A café worker in the district who is like a big sister to the Furin High School students, despite being younger than them. Kotoha is Umemiya's adoptive sister.
- Chōji Tomiyama (兎耳山 丁子, Tomiyama Chōji)

The cheerful leader of Shishitoren.
- Jō Togame (十亀 条, Togame Jō)

The second-in-command of Shishitoren.
- Kōta Sako (佐狐 浩太, Sako Kōta)

A member of Shishitoren who has a past with Hiragi.
- Yukinari Arima (有馬 雪成, Arima Yukinari)

A member of Shishitoren and Kanuma's friend.
- Minoru Kanuma (鹿沼 稔, Kanuma Minoru)

A member of Shishitoren and Arima's friend.
- Mitsuki Kiryū (桐生 三輝, Kiryū Mitsuki)

A first-year student at Furin High School in Class 1. Gentle and thoughtful, Kiryu loves playing video games and likes to add "chan" to his friends' names as a term of endearment.
- Taiga Tsugeura (柘浦 大河, Tsugeura Taiga)

A first-year student at Furin High School in Class 1. Loud and energetic, Tsugeura is obsessed with muscle training and asking people about their "virtues" or "aesthetics".
- Ren Kaji (梶 蓮, Kaji Ren)

A second-year student at Furin High School and the grade captain of Class 1. Kaji usually carries lollipop and wears headphones while listening to loud music.
- Masaki Anzai (杏西 雅紀, Anzai Masaki)

A first-year student at Furin High School in Class 1 and one of Sakura's classmates. He is also Nagato and Tsuchiya's childhood friend.
- Atsushi Nagato (長門 淳史, Nagato Atsushi)

Anzai's childhood friend who was a member and victim of KEEL.
- Shingo Natori (名取 慎吾, Natori Shingo)

The sociopathic crime boss of KEEL, Natori is violent, manipulative, and sadistic.
- Takeru Kongō (金剛 尊, Kongō Takeru)

One of the five VIP members of KEEL.
- Renji Kaga (名取 慎吾, Kaga Renji)

One of the five VIP members of KEEL.
- Taishi Mogami (最上 大志, Mogami Taishi)

One of the five VIP members of KEEL.
- Shiyū Kirishima (霧島 士佑, Kirishima Shiyū)

One of the five VIP members of KEEL.
- Hansuke Tone (利根 帆介, Tone Hansuke)

One of the five VIP members of KEEL.
- Tasuku Tsubakino (椿野佑, Tsubakino Tasuku)

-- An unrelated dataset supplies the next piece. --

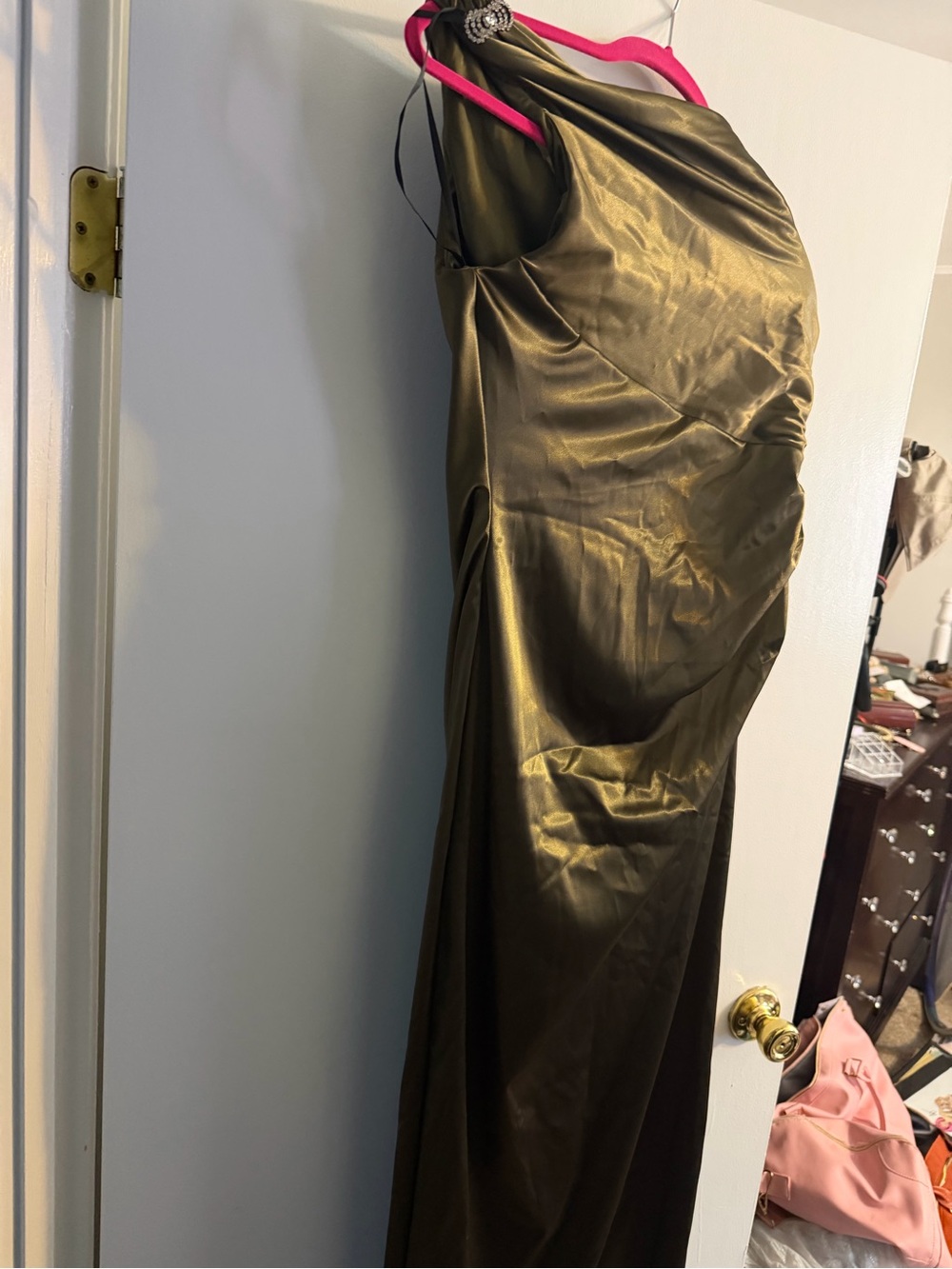 Olive/khaki evening gown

A third-year student at Furin High School and one of the Four Heavenly Generals, Tsubakino is the head of Jikoku team. Stylish and passionate, he wears a girl's uniform and dresses femininely in general. He is incredibly loyal to Umemiya and is very fond of Sakura and Nirei. Tsubakino also works as a dancer and waiter at Show Pub Ougi and a protective older sister figure to Shizuka.
- Seiryū Sakaki (榊 晴竜, Sakaki Seiryū)

The eldest of the Sakaki twins and a third-year student at Furin High School serving as Tsubakino's right-hand man.
- Uryū Sakaki (榊 雨竜, Sakaki Uryū)

The youngest of the Sakaki twins and a third-year student at Furin High School serving as Tsubakino's right-hand man.
- Kanji Nakamura (中村 幹路, Nakamura Kanji)

The 18-year-old handsome chairman of Roppo-Ichiza, Kanji is an incredibly tough and impulsive fighter who works to protect the Keisei Street alongside a group of strong fighters dressed in suits. Kanji cares deeply for Shizuka and also works as a waiter and bodyguard at Show Pub Ougi, where he first met Tsubakino.
- Shizuka Narita (成田 静香, Narita Shizuka)

A singer who works at Show Pub Ougi alongside Kanji and a younger sister figure to Tsubakino. Shizuka first met Sakura, Nirei and Suō when she was being chased by the members of GRAVEL.
- Akihito Miyoshi (美吉 彰人, Miyoshi Akihito)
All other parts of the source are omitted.